Empty swingset” by wsilver is licensed under CC BY 2.0

Childless Playgrounds and the American City

Are American cities becoming childless playgrounds? The answer appears to be “yes,” according to the latest issue of The American Conservative, and little good will come of it. What should we do about this state of affairs? Author Benjamin Schwarz’s reply comes in the form of a lament for what we have lost. Strong community ties once upheld families of all backgrounds. He sees policymakers trying to recreate this era through the built environment — think mini-Greenwich Villages seeking to resurrect the ghost of Jane Jacobs — but believe they will only serve to please the current Creative Class rather than the generations to come.

I have no argument with Schwarz’s desire to create city environments that are friendly to families. Neither would I quibble with his indictment of planners who seek to build their way to community life. But I think his nostalgia and cultural tastes blind him to what the urbanizing wave of childless cosmopolitan globalist types represent.

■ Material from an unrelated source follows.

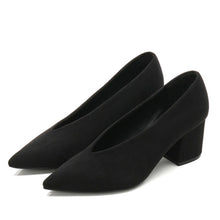 Load image into Gallery viewer, 2023 SPRING AUTUMN SQUARE HEELS PUMPS ELEGANT SHALLOW V-MOUTH OFFICE LADY PUMPS
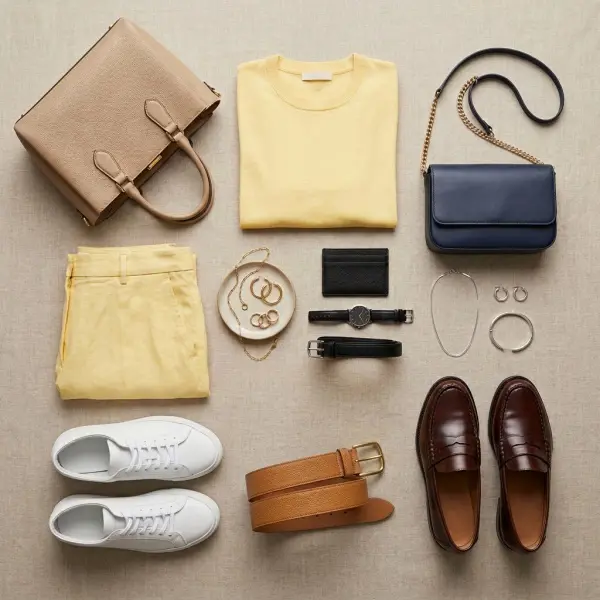 Berbagai aksesori yang cocok dipadukan dengan outfit butter yellow, seperti tas beige, loafers cokelat, sneakers putih, dan perhiasan emas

We are in the midst of an irreversible movement from a familial economy to an individualistic economy. The former was marked by high social capital and low financial capital, the latter by low social capital and high financial capital. Individualistic economies are marked by globalization and innovation, but also by rules and regulations to make up for the loss of social capital (i.e., the trust between people that grew up together must be replaced by laws and lawyers that reassert trust among strangers), hence a further rise in urban planning. Not only that, but as we move from the old economy to the new we are finding that large institutions and mass communities are being replaced by dense and fluid social networks. All of this change is leading to very different forms of community and social interactions and geographic mobility and bureaucracy and life decisions (such as starting a family). And since the city is simply a social form in a physical space, individualistic, networked economies inevitably shape the city’s form.

But this does not mean that the city is inherently opposed to family formation and flourishing. Rather than laying blame at the feet of capitalism, look instead to government. Residential areas are not formed around family life because the government wants it so. Everything from zoning laws to education policy are closing city centers to families flourishing. Rather than standing athwart the winds of economic change (as Jacobs intimated), we must embrace them, for they are pushing for more housing, not less; for better education, not poorer; for public spaces where people of all ages interact; for a diversity of developments and uses; and, perhaps most importantly, for a policy of people over place.

Our economy is growing ever denser and more complex even as its key players become more atomistic. Urban areas will become more important, not less as they provide the middle ground between faceless globalism and individual ingenuity. Absent outside intervention, the built environment will reflect the growth of individualism and dense social networks. The role of the planner is to enable these diverse networks and to lower barriers to people getting ahead. The last thing we should be doing is preventing anyone who wants to take advantage of those opportunities from doing so as they start and grow a family.

Neither the suburb nor the city are entirely states of nature. They are the product of conscious choices. Therefore, we must consciously choose to make our cities open to everyone and closed to none.